▶ _DATA EXCERPT_:
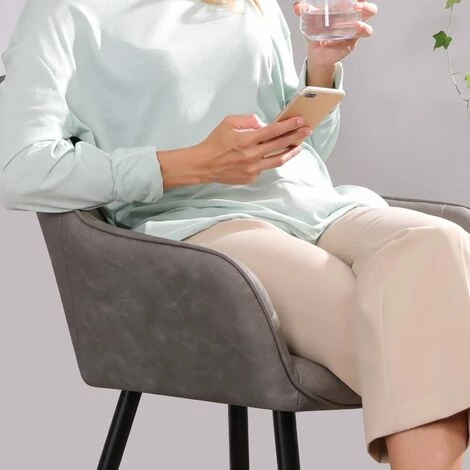 SONGMICS Chaise De Salle à Manger, Fauteuil, Siège Rembourrée, Avec Accoudoirs, Revêtement En PU Vintage, Pieds En Métal, Charge 110 Kg, Pour Salle à Manger, Salon, Chambre, Gris LDC089G01 5 SONGMICS Chaise De Salle à Manger, Fauteuil, Siège Rembourrée, Avec Accoudoirs, Revêtement En PU Vintage, Pieds En Métal, Charge 110 Kg, Pour Salle à Manger, Salon, Chambre, Gris LDC089G01 – Image 3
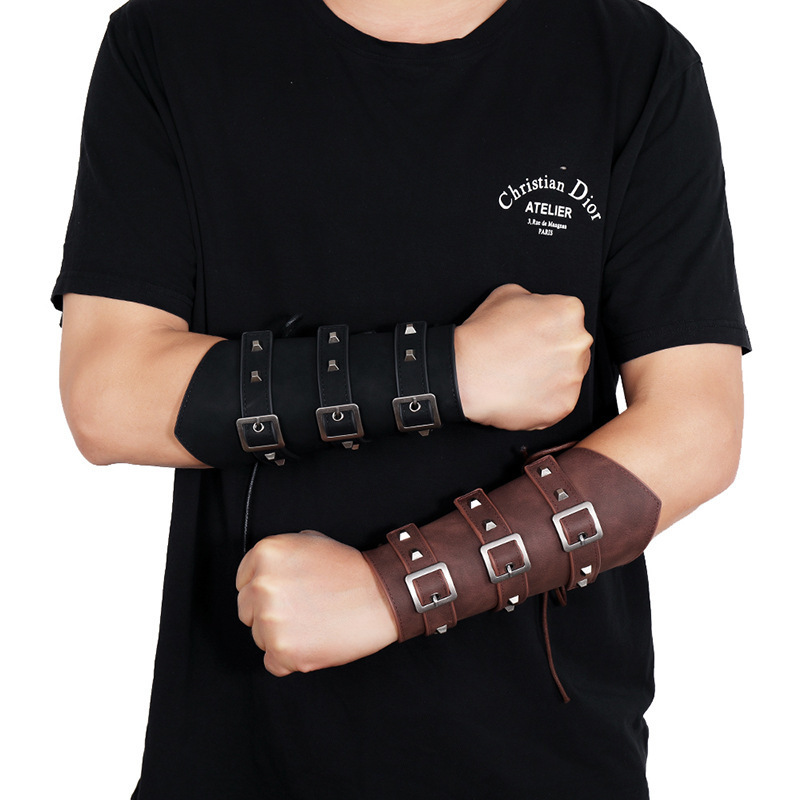 Picture of Men's Motorcycle Leather Wrist Bracer Punk Adjustable Casual Bracelet Exaggerated Rivet Hip Hop Bracelet Leather Wrist Bracer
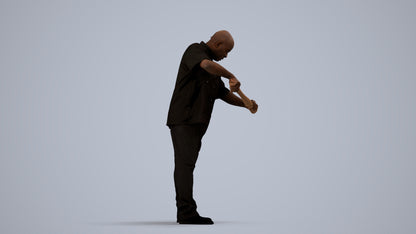 photogrammetry 3D man hospitality, realistic human model archviz FBX, side view render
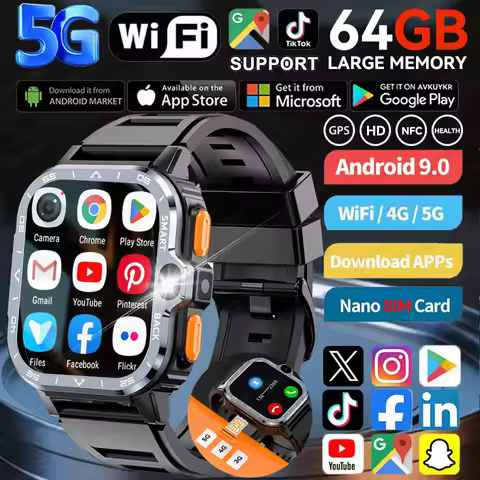 2025 New 5G SIM Card Small Fast Internet Smart Watch HD Dual Camera 64GB ROM NFC GPS WiFi Google Pla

▶ _PROBLEM STATEMENT_: Everything from the line containing "photogrammetry 3D man" to the last line of the listing above must be reproduced exactly, with no pictures included.

▶ _TASK ANSWER_:
 photogrammetry 3D man hospitality, realistic human model archviz FBX, side view render
 2025 New 5G SIM Card Small Fast Internet Smart Watch HD Dual Camera 64GB ROM NFC GPS WiFi Google Pla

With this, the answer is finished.